Infographic showing growth extends beyond the BRICs.

As change changes, attractive investment opportunities – and the capital flows that chase them – should and will also change.  When considering which emerging markets to invest in, investors must expect opportunities to shift as markets change and develop – and account for those changes in their long term investment strategies.

3.   The Angel is in the Details.

As with any type of investing, while the macro environment sets a tone for deploying capital, the specifics of investible opportunity matter.  Although emerging markets offer a rich complexity of less familiar operating conditions for many institutional investors, hard work to understand the specifics of individual investments can yield great returns.

In other words, the Angel is in the details.

In thinking about the specifics, here are a few things to remember:

Emerging markets private equity is evolving differently than developed markets private equity.

  • Emerging markets private equity is largely growth equity, with low if any leverage; it is primarily acceleration/expansion capital.  The exceptions are in a few markets like South Africa, and in some of the mega-buyout funds in Asia and Brazil.
  • There is a widespread and continually growing recognition in emerging markets that best practices include ESG – environmental, social, and governance standards – and that those best practices can enhance financial as well as societal value.

Emerging markets private equity funds invest in an evolving set of sectors as the markets they are in change and develop.

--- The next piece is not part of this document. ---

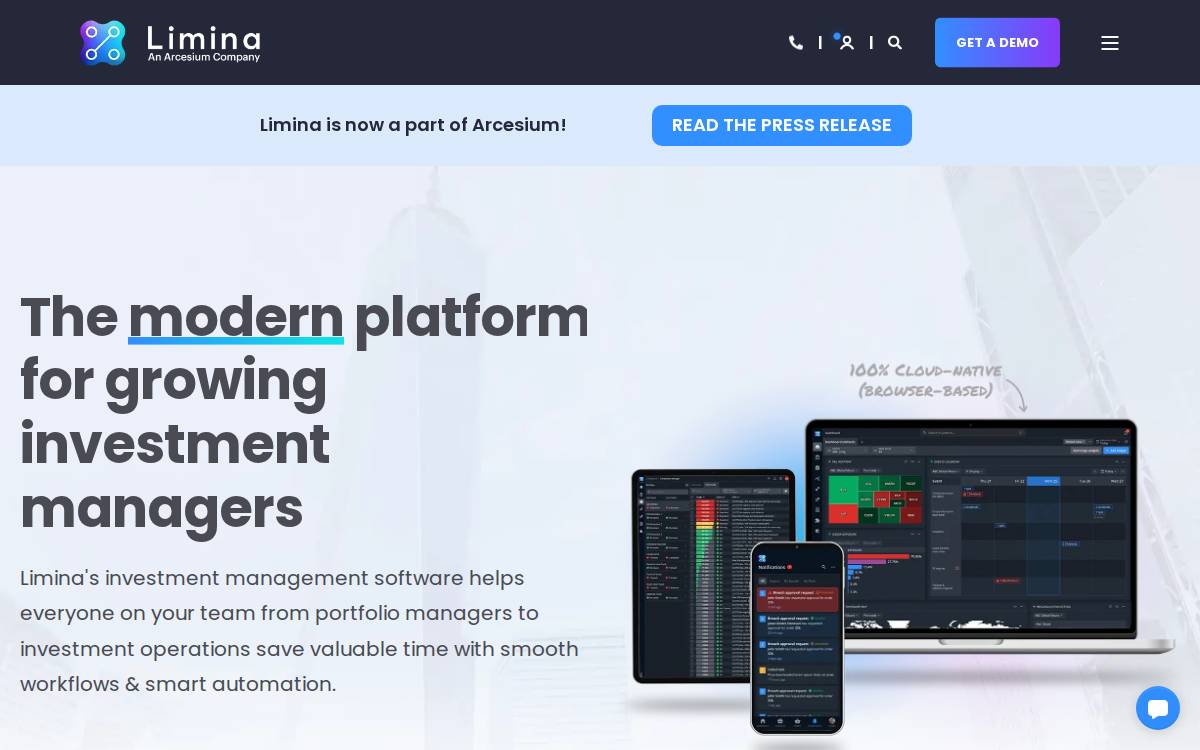 Limina website preview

  • Initially, many funds invest in telecom, financial services, consumer (FMCG)
  • In selected markets, funds invest in extractive industries and related sectors
  • Private capital then begins to invest into business services and infrastructure related opportunities.

Even though there are common themes to emerging markets private equity fund strategies, their specifics depend on local market conditions.  For example, funds in Brazil and Indonesia are focusing on similar sectors of consumer products and natural resources.  In Brazil, the focus is on goods and services that serve the 50 million Brazilians moving into the middle class, with natural resource investments ranging from oil and gas to agribusiness and ethanol.  Meanwhile, in Indonesia, the consumer story is more focused on the emergence of new basic consumer products and services aimed at a lower income population, and natural resources related to the vast concentrations of natural resources in coal and palm oil, for example.

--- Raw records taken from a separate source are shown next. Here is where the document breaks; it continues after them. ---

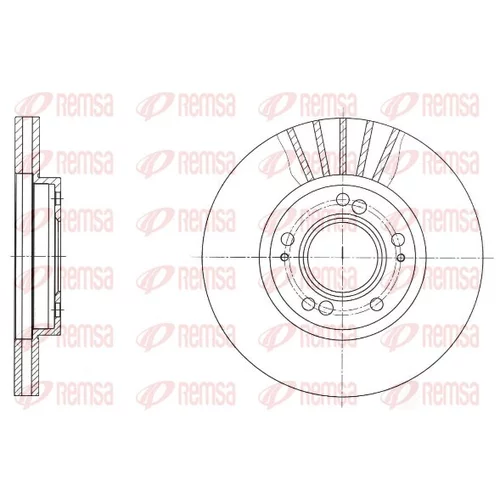 Brzdový kotúč REMSA 61678.10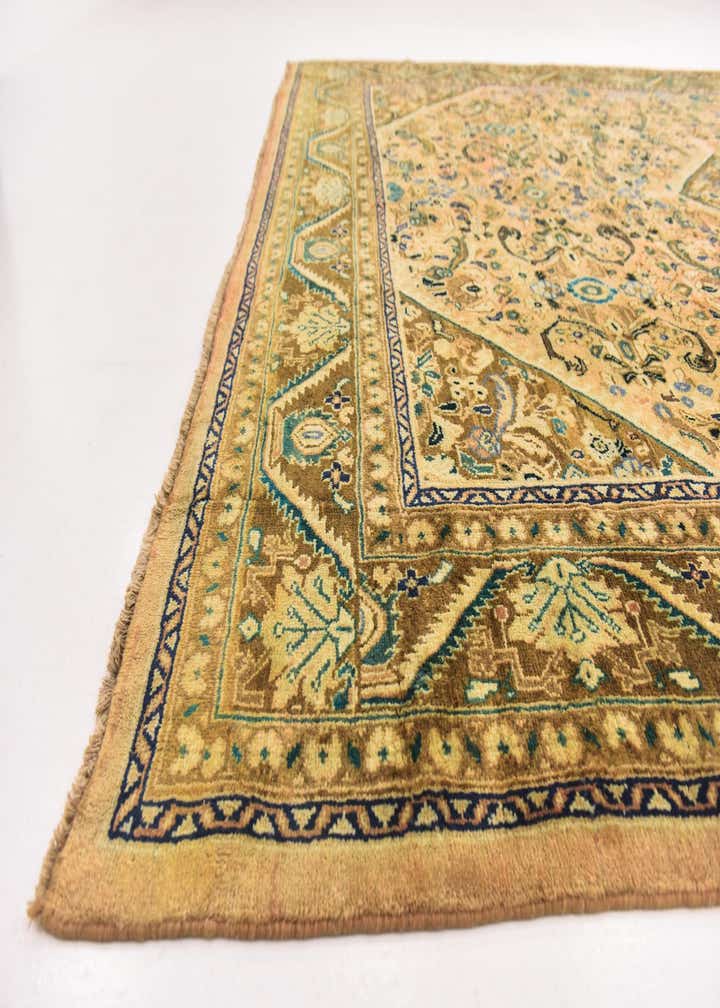 10' x 13' Hand Knotted Mahal Persian Wool Rug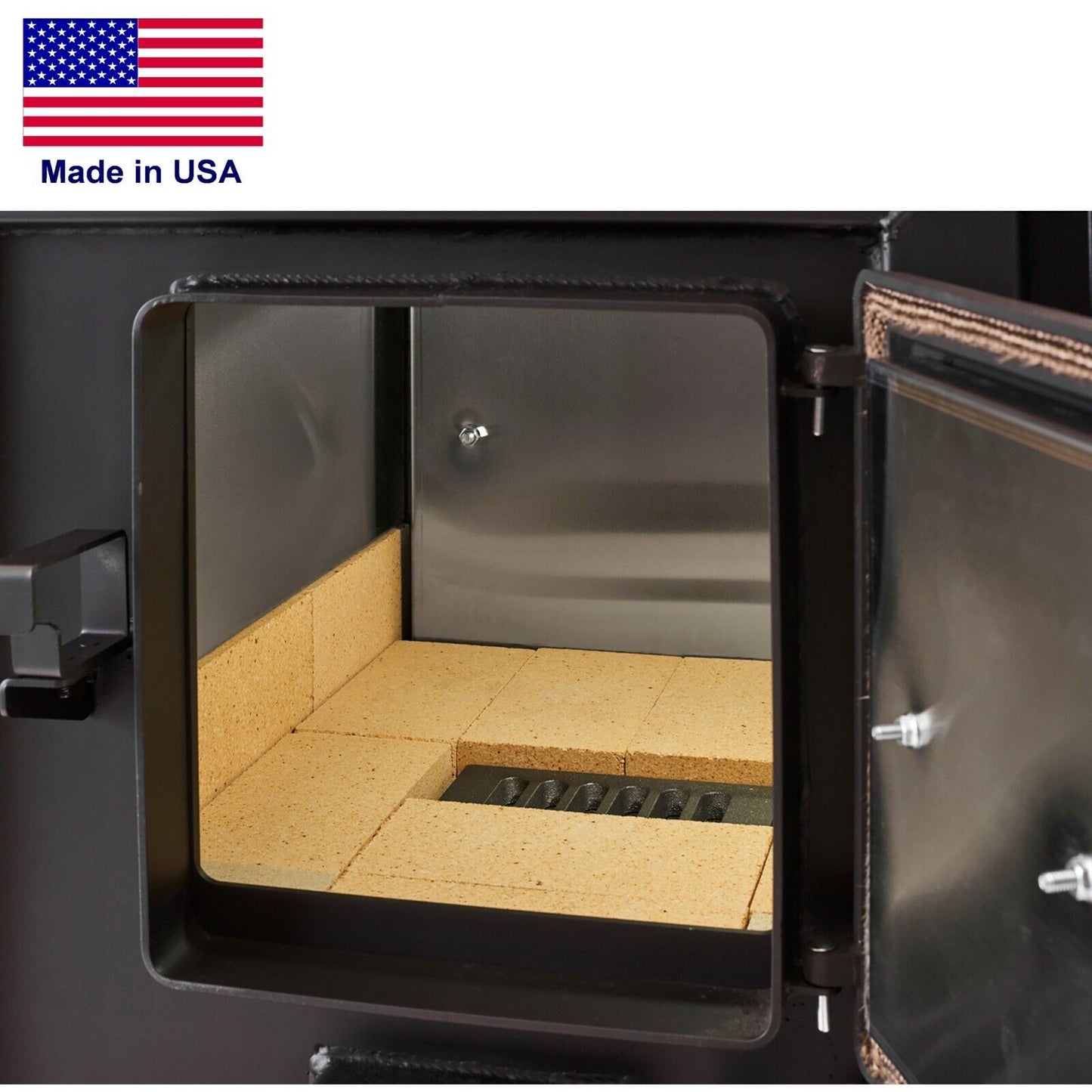 Wood Burning FURNACE - 130,000 BTU - 2,000 sqft - 1500 CFM - Digital Thermostat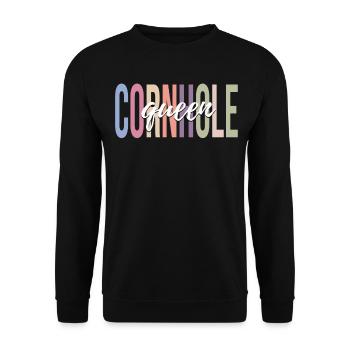 Cornhole Girl Joueuse de cornhole - Sweat-shirt Unisexe - noir - Devant - Alina (178cm) & Michal (187cm)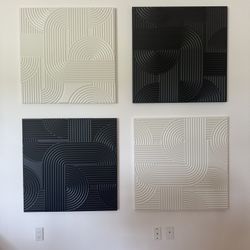 4 Large Metal Art 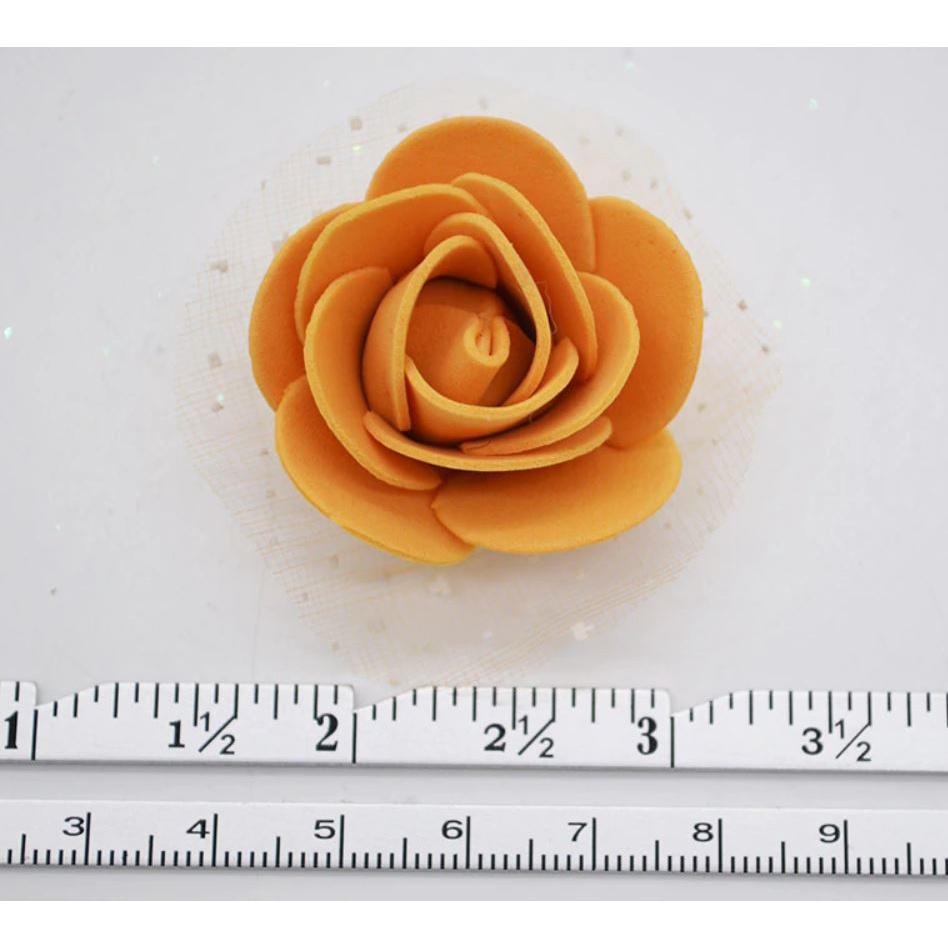 12pcs 3.5cm Mini PE Foam Rose Heads Artificial Silk Flowers for Home Garden DIY Pompom Wreaths Wedding 泡沫玫瑰花(847L) - Image 4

Investable opportunities exist – emerging markets fund managers are increasing and maturing:

OPIC recently launched a Global Engagement Call, which solicited applications for investment funds operating in any of the over 150 countries where OPIC is open for business, across sectors and fund types, including private equity and growth equity, co-investment, fund of funds, and mezzanine/expansion financing funds.  We are pleased to report that we received 158 full applications to the Call, a record number for the agency, that ranged across geographies, sectors and investment styles.

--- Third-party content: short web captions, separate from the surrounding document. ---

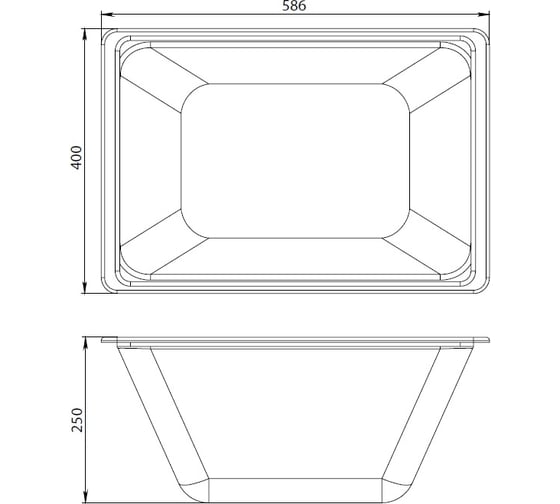 Контейнер с крышкой для ванны AM.PM Gem W90A-070-070W-C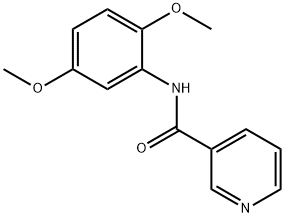 N-(2,5-dimethoxyphenyl)nicotinamide 化学構造式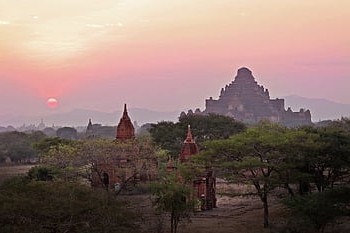 tramonto, Bagan, stupa, birmania, Myanmar, tempio, antico, Asia, eredità, cultura, destinazione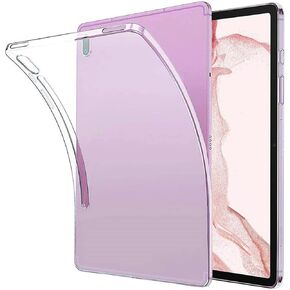 ICOVERCASE متوافق مع Samsung Galaxy Tab S7 Fe (2021) 12.4 بوصة SM-T730/T733/T736/T738 ، حالة الغطاء الخلفي الخفيف الشفاف الناعم (CLEAR CLEAR) in Kuwait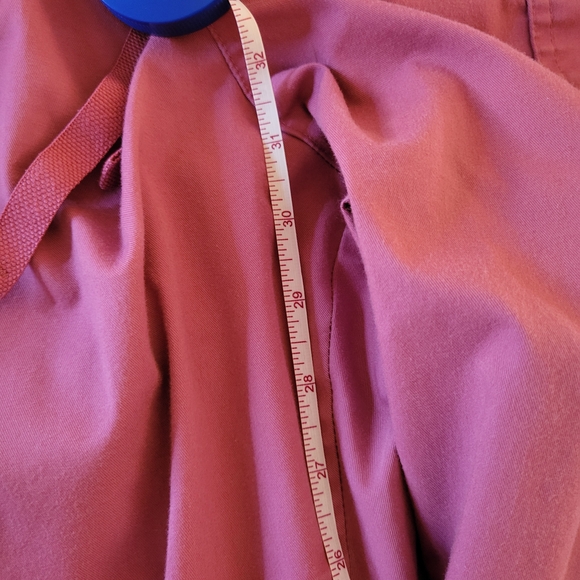 Uniform Advantage Large Mauve Scrub Set with 3/4 sleeve top. - Picture 4 of 7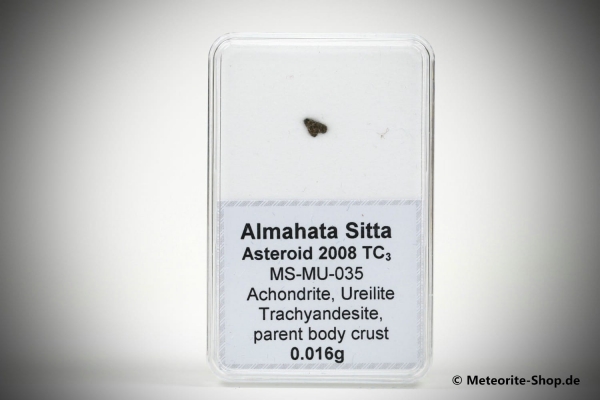 Almahata Sitta Meteorit (MS-MU-035: Ureilit > Trachyandesit) - 0,016 g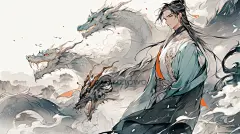 古风神话青龙壁纸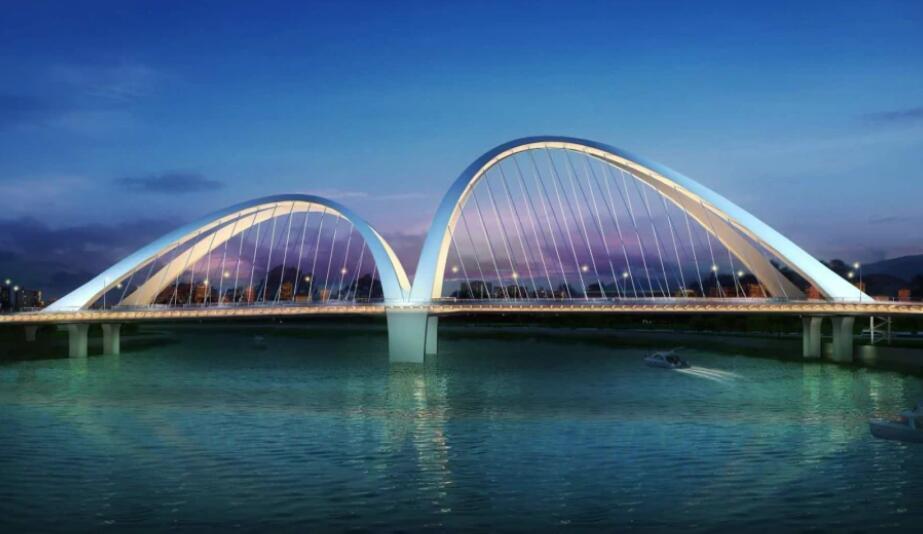 三江口大(da)橋主橋順利(lì)合龍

We will be releasing additional information about those applications in a set of research reports we call Project 158, but suffice it to say that unlike a decade ago, emerging markets private equity now presents a range of fund types and managers that are targets for private capital.

Finally, if in real estate the three most important factors in investing are location, location, location, the three most important factors in emerging markets private equity to us are active, active, active: Active asset allocation, active fund selection, and active asset management.

The limited information, challenging and changing investment environment, and relative newness of the asset class require investors to take a more active approach to allocating capital, selecting managers, and monitoring their portfolios.

In conclusion, emerging markets are becoming an increasingly interesting destination for private equity investment – but the conditions continue to evolve and attention to the details will make a real difference.

At OPIC, we have supported private investment – and private investors –across emerging markets and transitional economies successfully and profitably for the U.S. taxpayer for the past forty years.  We’re looking forward to seeing what the next 25 years bring.